In several reviews and interviews, theologians and other commentators have noted that “No religion makes claims that humans possess ESP.” Now, I do not claim they do either. Nowhere do I argue, “ESP does not exist so therefore God does not exist.” I only hypothesize that some evidence for a spirit or soul should be found. This could be ESP, PK, OBE, NDE, prayers, revelations, or some other paranormal phenomenon that exceeds the capabilities of matter. I then take the fact that we see none of these to mean that a God who provided us with spirits or souls does not exist.
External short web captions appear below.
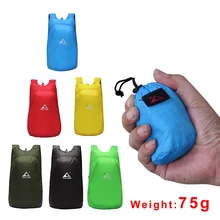 PLAYKING 20L уличные сумки легкий упаковочный рюкзак складной походный велосипедный удобный дорожная сумка 75 г водонепроницаемый нейлон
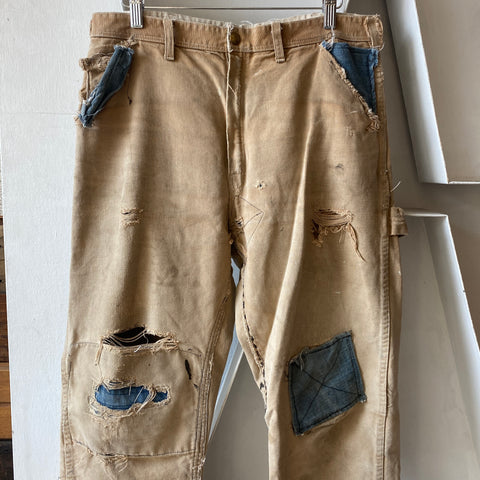 60's Carter’s Patch Pants - 33” x 28”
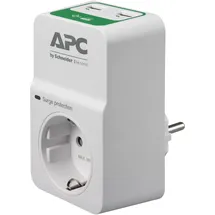 APC PM1WU2-GR Überspannungsschutzadapter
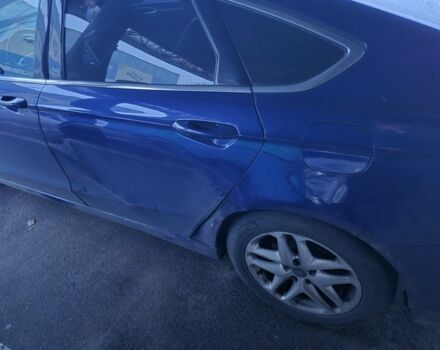 Синий Форд Фьюжн, объемом двигателя 1.6 л и пробегом 222 тыс. км за 7300 $, фото 4 на Automoto.ua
If we go back though the early history of psychic studies, which started in the mid 1800s, we see signs that most investigators were motivated by personal religiosity to find evidence for the soul or an immaterial force of some kind. After all, wireless telegraphy had been demonstrated; why not wireless telepathy? Let me just mention two early psychic researchers, each of whom held prominent status in physics and chemistry.
William Crookes (1832–1919) discovered the chemical elements thallium and selenium and invented the vacuum tube that was used to discover the electron. Sir Oliver Lodge (1851–1940) transmitted radio signals before Marconi (but after Tesla) and invented spark-plug ignition as well as the vacuum tube that was used in electronic circuits and other devices well into the mid-twentieth century. Ignoring what he must have known were the proper protocols of good science, Crookes performed poorly controlled experiments with fraudulent mediums that he felt confirmed his already held belief in a spirit world. Lodge also allowed his personal beliefs to override any natural skepticism he would be expected to exhibit as a competent scientist. His son Raymond had been killed in Flanders in 1915, and Lodge insisted that Raymond was communicating with his family from beyond the grave. Lodge also allowed himself to be bamboozled by phony psychics.
A third major figure in the history of psychic research was Joseph Banks Rhine (1895–1980), who made an honest attempt to do careful laboratory tests of paranormal phenomena at Duke University (although cheating by others did take place in his lab). Rhine coined the term “ESP” and founded the Journal of Parapsychology after his submissions to conventional journals were continually turned down. Rhine was a religious man and hoped his work would help reconcile science and religion by finding scientific evidence for a nonphysical component in humans. He clearly did not regard observation of spiritual phenomena as beyond the capabilities of science.
Today’s parapsychologists are usually very careful about denying that they are drawing any supernatural conclusions when they claim evidence for a paranormal effect. In this way, they are able to position themselves a little closer to the fringe of science where the widely accepted dogma holds that science can say nothing about the supernatural. I have strongly criticized this assertion (see “Supernatural Science,” Skeptical Briefs, March 2006, pp. 11–15).
Let us imagine what would happen if well-controlled experiments on ESP found evidence that passes the most stringent tests that science can provide, leading even the most skeptical to admit that the phenomenon is real, thus requiring James Randi to award his million dollar prize. Surely scientists of every stripe would initially seek to explain the results in terms of known natural processes and perform experiments that would test the hypothesis.
For example, the strength of the ESP signal would be measured as a function of direction and distance from the source. If it fell off with the square of the distance, then this would be evidence that ESP emissions are a form of energy and probably a natural phenomenon. Indeed, at the suggestion of Einstein, Rhine performed such an experiment. When he found no “distance effect,” he concluded that the phenomenon was not physical. He avoided the more obvious conclusion that the phenomenon was not real.
If that experiment was duplicated with a clear ESP signal that did not fall off with distance, then we would have evidence that ESP violates energy conservation and does not behave as expected for a material force. While it would undoubtedly be argued that this result could still be natural, energy conservation is such a fundamental law of matter that its violation would be strong evidence for a reality beyond matter.
I imagine that parapsychologists would be delighted to see such an empirical result. How much more important to have discovered evidence for the soul—for a world beyond matter—than just another form of physical communication! And you can rest assured that theologians would readily change their tune about whether established evidence for ESP is evidence for a human soul.